Uncategorized

Snags and Jagged Edges

panoramio
Image via panoramio

“Some will grumble that roses have thorns. I am grateful that thorns have roses.” – Alphonse Karr

How many times have you said, or heard someone else say, “I’ve said that a thousand times, but nobody listens!” Innovation is more than just a great idea. It’s everything that comes after it. And it lives among clear skies, and it lives among thorns and requires us to walk steady through both scenes. And as we walk through these ideas, these changes, these innovative approaches, we find there are considerations to be given. Considerations, like :

Who would this affect? 

Who walks the journey with you? Who might get lost when your idea changes the terrain? Who might take it as a tool to help give their own journey structure, support, or a new view of the scene? These stakeholders need to be included in the process of flushing out ideas. Their input will help clue you in to what types of obstacles might exist, what types of questions need to be explored. If you do not take the time to engage people in thoughtful discussions, in careful examination of a new route or change in direction or shift in course, your ideas will remain just that. Your ideas. What you want them to be, are our ideas.

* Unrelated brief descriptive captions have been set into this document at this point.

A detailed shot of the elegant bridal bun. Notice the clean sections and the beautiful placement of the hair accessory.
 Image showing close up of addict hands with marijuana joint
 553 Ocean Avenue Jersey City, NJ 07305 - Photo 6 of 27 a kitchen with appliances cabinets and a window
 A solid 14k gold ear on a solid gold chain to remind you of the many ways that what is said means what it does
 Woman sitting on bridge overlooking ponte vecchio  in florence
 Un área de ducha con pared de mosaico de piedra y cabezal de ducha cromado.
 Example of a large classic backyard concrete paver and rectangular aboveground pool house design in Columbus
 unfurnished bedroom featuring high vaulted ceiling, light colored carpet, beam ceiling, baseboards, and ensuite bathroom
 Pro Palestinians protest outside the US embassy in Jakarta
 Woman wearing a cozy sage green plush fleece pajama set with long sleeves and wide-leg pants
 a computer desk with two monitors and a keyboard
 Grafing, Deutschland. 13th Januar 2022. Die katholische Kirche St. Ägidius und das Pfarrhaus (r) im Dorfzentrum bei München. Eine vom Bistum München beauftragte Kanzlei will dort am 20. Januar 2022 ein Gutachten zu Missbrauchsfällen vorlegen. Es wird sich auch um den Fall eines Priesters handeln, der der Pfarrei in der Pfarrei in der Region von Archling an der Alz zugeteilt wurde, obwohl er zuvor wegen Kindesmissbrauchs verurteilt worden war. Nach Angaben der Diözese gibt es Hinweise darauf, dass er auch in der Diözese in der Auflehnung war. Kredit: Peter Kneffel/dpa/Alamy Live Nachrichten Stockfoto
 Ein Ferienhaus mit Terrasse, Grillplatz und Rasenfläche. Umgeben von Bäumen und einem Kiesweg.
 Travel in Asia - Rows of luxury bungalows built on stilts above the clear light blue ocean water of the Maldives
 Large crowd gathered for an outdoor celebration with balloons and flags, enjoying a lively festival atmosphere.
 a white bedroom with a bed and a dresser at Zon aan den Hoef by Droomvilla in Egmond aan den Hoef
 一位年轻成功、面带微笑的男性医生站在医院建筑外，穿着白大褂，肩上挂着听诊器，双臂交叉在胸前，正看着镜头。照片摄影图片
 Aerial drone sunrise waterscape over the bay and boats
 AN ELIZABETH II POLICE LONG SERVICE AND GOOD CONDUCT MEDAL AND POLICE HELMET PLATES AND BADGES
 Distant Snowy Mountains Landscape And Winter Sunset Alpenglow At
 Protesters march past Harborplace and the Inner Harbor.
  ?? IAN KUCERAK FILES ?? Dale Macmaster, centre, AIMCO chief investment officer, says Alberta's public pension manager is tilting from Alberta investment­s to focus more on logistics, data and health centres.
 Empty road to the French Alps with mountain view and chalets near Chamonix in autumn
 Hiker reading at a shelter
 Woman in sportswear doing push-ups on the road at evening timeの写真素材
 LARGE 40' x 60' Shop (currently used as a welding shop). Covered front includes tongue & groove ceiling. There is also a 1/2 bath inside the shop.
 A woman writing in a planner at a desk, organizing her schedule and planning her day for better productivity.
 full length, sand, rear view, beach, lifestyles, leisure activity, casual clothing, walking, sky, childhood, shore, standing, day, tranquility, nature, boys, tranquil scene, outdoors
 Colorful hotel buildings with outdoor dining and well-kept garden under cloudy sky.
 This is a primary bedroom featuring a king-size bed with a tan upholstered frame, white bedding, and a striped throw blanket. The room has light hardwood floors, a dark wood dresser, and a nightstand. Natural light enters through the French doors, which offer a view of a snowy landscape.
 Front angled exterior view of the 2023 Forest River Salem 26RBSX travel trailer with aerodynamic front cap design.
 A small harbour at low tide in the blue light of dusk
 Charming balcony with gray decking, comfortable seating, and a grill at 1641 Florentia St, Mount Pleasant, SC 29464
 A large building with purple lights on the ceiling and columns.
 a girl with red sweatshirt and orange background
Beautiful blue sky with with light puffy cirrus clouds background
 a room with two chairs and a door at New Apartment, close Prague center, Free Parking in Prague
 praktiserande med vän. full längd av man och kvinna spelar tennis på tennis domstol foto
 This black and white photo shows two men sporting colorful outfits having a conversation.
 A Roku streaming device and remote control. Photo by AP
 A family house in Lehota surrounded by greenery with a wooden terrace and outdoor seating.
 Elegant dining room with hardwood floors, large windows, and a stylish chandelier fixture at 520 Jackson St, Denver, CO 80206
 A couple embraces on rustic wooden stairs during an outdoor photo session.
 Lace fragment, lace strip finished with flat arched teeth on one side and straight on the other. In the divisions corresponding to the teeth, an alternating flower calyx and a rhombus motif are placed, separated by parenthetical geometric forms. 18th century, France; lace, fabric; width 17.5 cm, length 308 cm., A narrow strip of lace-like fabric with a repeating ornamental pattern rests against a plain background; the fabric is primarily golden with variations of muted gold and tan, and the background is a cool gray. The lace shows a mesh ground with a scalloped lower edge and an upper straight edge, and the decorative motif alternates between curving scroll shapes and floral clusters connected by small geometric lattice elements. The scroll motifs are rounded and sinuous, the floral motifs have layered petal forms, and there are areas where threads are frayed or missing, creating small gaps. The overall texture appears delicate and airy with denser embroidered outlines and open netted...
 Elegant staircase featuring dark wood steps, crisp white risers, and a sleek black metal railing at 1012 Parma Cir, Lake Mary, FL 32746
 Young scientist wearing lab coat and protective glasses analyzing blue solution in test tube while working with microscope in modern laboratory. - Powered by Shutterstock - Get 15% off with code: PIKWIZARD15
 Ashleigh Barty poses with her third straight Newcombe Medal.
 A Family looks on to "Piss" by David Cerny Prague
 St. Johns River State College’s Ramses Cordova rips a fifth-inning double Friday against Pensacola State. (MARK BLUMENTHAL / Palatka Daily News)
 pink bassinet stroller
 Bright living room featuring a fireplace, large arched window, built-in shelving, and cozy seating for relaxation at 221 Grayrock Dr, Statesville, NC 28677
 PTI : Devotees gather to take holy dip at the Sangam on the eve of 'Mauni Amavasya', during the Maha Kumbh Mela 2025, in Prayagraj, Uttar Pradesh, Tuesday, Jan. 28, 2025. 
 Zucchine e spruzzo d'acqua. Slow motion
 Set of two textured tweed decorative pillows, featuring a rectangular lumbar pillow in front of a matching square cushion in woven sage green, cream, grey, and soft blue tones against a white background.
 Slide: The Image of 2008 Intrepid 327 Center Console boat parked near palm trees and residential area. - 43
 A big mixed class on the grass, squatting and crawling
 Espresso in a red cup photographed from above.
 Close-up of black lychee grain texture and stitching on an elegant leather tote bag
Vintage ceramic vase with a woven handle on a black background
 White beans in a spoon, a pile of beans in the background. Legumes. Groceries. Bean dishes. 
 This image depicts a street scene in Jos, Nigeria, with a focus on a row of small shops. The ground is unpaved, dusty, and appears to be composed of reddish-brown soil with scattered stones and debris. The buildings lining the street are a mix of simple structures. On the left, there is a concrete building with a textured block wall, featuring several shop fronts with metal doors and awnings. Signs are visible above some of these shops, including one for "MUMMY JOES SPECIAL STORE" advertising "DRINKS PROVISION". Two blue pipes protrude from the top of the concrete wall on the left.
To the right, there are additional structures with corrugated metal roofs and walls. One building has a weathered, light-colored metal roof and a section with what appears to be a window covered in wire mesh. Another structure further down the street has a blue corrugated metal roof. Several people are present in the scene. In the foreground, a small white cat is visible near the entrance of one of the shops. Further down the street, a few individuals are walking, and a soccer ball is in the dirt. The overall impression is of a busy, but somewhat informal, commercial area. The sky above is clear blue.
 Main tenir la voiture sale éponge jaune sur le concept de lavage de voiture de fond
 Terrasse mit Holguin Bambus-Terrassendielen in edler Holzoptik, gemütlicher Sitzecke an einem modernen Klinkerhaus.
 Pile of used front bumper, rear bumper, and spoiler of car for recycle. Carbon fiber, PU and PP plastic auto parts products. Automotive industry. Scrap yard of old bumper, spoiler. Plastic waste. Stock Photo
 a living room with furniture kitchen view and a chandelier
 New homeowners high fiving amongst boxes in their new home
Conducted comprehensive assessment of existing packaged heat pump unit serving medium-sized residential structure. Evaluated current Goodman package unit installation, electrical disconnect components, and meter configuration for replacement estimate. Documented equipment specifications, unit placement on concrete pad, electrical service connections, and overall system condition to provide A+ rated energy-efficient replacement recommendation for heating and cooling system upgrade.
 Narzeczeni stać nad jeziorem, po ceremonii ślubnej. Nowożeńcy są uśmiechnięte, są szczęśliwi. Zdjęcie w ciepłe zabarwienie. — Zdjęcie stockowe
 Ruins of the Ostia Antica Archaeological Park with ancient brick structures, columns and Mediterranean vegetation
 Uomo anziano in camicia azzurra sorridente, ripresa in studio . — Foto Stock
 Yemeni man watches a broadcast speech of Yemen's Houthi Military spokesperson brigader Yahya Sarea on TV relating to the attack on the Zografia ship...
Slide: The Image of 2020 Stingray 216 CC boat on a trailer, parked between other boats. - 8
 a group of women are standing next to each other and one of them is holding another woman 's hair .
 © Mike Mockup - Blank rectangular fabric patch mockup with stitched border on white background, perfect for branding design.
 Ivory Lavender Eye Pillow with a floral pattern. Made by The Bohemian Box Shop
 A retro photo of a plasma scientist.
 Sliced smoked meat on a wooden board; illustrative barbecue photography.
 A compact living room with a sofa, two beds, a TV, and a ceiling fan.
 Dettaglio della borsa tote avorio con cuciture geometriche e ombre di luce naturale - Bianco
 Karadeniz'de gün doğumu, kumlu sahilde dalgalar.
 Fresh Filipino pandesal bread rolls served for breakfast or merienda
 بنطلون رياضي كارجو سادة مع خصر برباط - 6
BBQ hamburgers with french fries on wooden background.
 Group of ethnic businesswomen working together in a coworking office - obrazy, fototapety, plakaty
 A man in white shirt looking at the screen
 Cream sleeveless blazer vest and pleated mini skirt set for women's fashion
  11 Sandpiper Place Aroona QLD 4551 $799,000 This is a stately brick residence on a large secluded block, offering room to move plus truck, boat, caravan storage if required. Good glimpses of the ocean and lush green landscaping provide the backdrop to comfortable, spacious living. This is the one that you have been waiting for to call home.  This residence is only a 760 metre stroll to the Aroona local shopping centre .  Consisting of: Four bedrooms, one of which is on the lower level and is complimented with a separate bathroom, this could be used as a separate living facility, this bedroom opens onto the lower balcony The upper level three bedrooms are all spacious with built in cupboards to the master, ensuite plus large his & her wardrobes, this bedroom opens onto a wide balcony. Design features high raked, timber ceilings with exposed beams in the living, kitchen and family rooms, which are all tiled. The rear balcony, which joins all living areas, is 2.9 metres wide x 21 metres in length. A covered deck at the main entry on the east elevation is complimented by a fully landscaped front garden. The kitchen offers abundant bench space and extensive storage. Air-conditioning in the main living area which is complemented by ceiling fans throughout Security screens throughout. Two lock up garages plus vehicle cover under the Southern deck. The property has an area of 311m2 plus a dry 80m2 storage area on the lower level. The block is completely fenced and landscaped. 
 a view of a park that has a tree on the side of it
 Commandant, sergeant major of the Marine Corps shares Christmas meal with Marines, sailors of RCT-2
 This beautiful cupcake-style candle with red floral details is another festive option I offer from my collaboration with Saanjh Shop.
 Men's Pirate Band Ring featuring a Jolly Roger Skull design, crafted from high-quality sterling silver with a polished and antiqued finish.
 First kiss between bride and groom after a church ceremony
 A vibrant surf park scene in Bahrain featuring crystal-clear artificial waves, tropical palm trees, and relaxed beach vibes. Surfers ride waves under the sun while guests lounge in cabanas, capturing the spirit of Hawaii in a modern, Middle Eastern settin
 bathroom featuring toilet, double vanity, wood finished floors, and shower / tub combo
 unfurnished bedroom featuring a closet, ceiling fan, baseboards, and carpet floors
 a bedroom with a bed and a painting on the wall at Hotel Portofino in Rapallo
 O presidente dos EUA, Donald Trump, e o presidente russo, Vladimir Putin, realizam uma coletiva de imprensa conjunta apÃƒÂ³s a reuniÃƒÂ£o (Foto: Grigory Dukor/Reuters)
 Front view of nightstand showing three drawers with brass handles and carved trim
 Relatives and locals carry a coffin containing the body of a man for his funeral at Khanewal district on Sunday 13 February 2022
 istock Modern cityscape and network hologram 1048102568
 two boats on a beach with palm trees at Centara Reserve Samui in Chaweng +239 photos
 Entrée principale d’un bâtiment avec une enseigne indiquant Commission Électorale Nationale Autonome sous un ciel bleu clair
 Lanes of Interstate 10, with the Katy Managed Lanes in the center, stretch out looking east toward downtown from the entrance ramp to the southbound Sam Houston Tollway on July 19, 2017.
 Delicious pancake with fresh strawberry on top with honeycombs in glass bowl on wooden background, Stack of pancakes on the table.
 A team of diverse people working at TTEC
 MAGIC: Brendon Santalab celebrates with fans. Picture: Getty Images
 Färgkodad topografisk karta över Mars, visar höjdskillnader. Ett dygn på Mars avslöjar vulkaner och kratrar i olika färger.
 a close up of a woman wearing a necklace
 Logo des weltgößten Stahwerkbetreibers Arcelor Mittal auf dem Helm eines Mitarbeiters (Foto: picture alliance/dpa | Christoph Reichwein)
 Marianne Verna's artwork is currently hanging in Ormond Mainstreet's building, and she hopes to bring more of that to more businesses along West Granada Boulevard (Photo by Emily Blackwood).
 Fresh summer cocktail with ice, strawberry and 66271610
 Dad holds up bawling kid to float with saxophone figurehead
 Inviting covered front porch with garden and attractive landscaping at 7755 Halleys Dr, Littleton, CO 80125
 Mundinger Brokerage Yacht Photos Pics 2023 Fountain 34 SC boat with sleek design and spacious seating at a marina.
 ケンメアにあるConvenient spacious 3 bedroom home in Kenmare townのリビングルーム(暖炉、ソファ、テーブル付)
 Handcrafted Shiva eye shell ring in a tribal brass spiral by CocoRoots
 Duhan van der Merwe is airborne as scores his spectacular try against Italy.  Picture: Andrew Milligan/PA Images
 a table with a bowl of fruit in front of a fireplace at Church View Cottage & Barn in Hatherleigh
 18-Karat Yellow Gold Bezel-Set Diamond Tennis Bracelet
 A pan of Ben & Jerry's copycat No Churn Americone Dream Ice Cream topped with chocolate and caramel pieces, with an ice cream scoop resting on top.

What systems currently exist that might influence implementation?

When we consider this question, the natural thing is to start thinking of what might block or prevent the implementation of change. This of course needs to be a consideration. But what is equally important is to identify current systems that would give movement and traction to the idea. Current practices that might help give that idea traction, and sustainability. People who can both shape and further define that idea. We often don’t consider these parts of our system, because we are hyper focused on what roadblocks might come up. Creativity is more than just an idea. It’s also the ability to identify and leverage current idea multipliers that exist. Multipliers that you may not have even thought of. Those stakeholders that you are currently brainstorming with can help you identify both the roadblocks and the fuel stops that exist within your organization-fuel stops that can give the idea it’s legs

Find Your Traffic Controllers.

Pilots do not fly the plane solo. There exists a team of people who coordinate. Who are not necessarily in the plane, but are equally participating in the smooth operation and flight plan. Innovation requires a focus on both ideas and implementation. One can be insanely creative with ideas but none of us, alone, posses the 360-degree orientation necessary for implementing systems changes. The behind-the-scenes knowledge of things that can help – or hinder – implementation. Find those with knowledge of those multipliers discussed above. With talents that lie in the areas of detail management, or influence, or data analysis, or whatever other areas you have identified as roadblocks and fuel stops. And allow them to help navigate. They often see things you don’t, or can’t, from your position.

Monitor The Course.

Once an idea has been put out there, once the implementation process begins, it is important to monitor frequently the affect it is, or is not, having. Sometimes, time is on your side. The idea gains traction right off the bat and you push forward, letting it ebb and flow and measuring disruption and progress along the way. Sometimes not. Sometimes patience is part of the process for implementing.  Other times, the disruption is creating new sets of issues. Things that were not identified earlier but are now clearly visible. And so we regroup. We discuss. We talk about twists and turns and changes in course. And sometimes we find that current realities exist that, right now, prevent this disruption. Maybe even cause our great idea to have the opposite effect. And this is where we can…

Shift Focus.

We shine a light on those current realities. Those roadblocks. We allow ourselves to walk among them, to examine them. Roadblocks that snag the edges of our ideas can give them more depth and cause our ideas to shift in new dimensions. What began as a small pocket of change can become larger, systemic change as we examine those roadblocks. What was once an idea that would serve one distinct purpose can become something of a disruption to many other processes and purposes. Here, right here in this landscape of snags and jagged edges, we define and refine beliefs here. We find influence and ideals, as we walk through this uncomfortable landscape. We uncover desires, motivations, and passions. This is where many may give up. However, it is also where the greatest impact and change might occur. So we are wise to linger here, in this strange and scary, and sometimes inhospitable, area. We linger here so that we might challenge, and think, and examine, and define ourselves and our organizations… once again.

And isn’t that the very nature of growth. Of creativity. And of disruption.